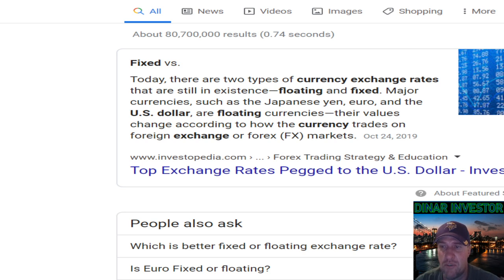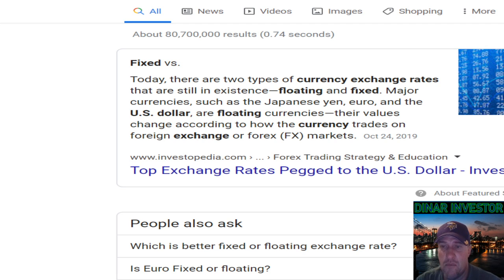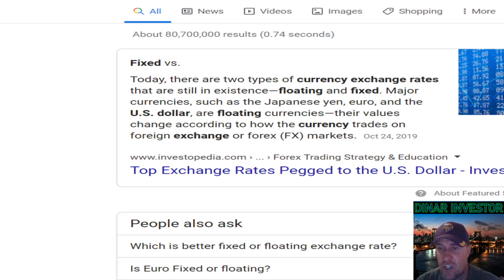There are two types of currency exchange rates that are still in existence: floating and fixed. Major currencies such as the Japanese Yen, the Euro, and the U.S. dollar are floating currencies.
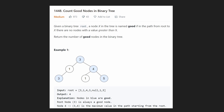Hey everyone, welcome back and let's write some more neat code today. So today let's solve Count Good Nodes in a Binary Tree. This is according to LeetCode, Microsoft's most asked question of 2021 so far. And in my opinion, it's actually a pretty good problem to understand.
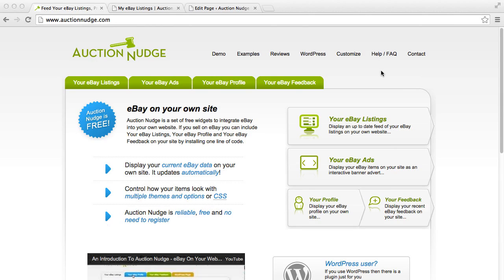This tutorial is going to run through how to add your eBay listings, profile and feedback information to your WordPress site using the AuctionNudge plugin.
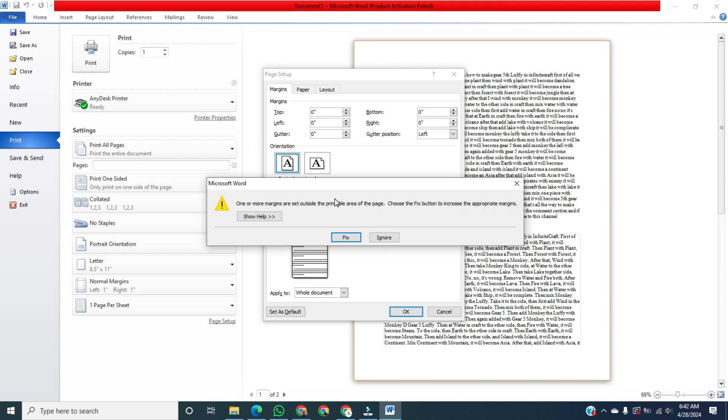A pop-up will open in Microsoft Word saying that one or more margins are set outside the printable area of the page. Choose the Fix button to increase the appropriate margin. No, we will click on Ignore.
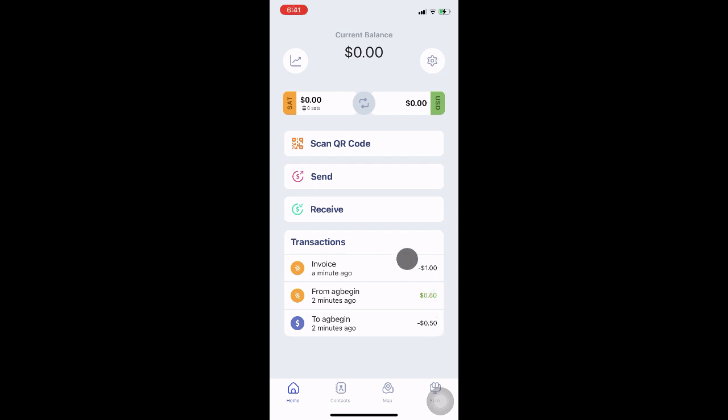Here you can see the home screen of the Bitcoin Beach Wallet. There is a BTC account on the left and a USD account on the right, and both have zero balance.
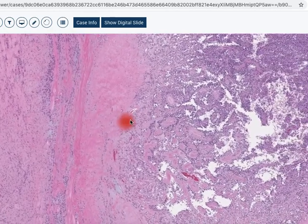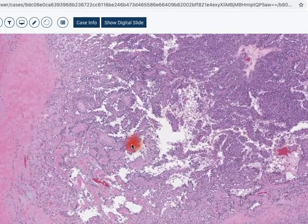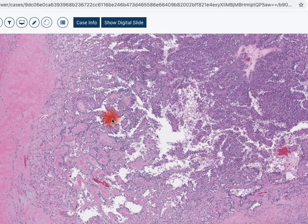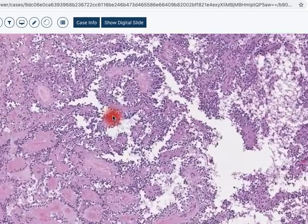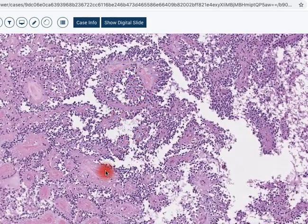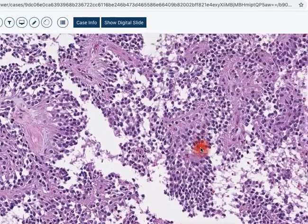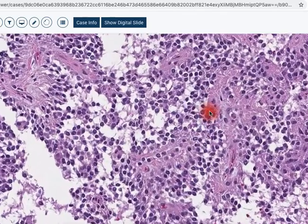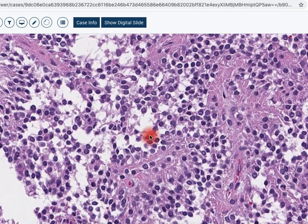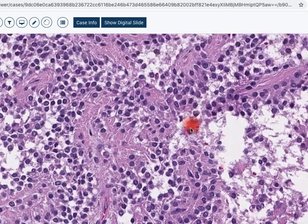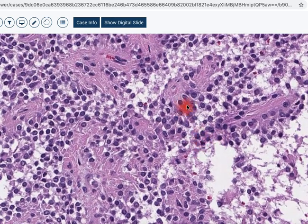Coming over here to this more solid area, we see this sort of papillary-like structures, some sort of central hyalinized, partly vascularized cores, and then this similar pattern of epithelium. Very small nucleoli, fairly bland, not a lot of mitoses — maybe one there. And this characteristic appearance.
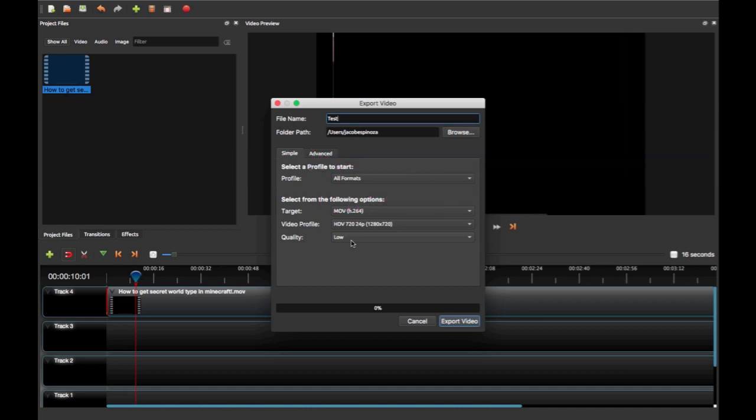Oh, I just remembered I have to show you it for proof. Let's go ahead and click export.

> **TRY IT**:
Starting with the line above that holds "Hey everyone, welcome", restate each line word for word up to and including the line that holds "Here you can". Drop the pictures.

> **ANSWER FOR THIS EXERCISE**:
Hey everyone, welcome back and let's write some more neat code today. So today let's solve Count Good Nodes in a Binary Tree. This is according to LeetCode, Microsoft's most asked question of 2021 so far. And in my opinion, it's actually a pretty good problem to understand.
This tutorial is going to run through how to add your eBay listings, profile and feedback information to your WordPress site using the AuctionNudge plugin.
A pop-up will open in Microsoft Word saying that one or more margins are set outside the printable area of the page. Choose the Fix button to increase the appropriate margin. No, we will click on Ignore.
Here you can see the home screen of the Bitcoin Beach Wallet. There is a BTC account on the left and a USD account on the right, and both have zero balance.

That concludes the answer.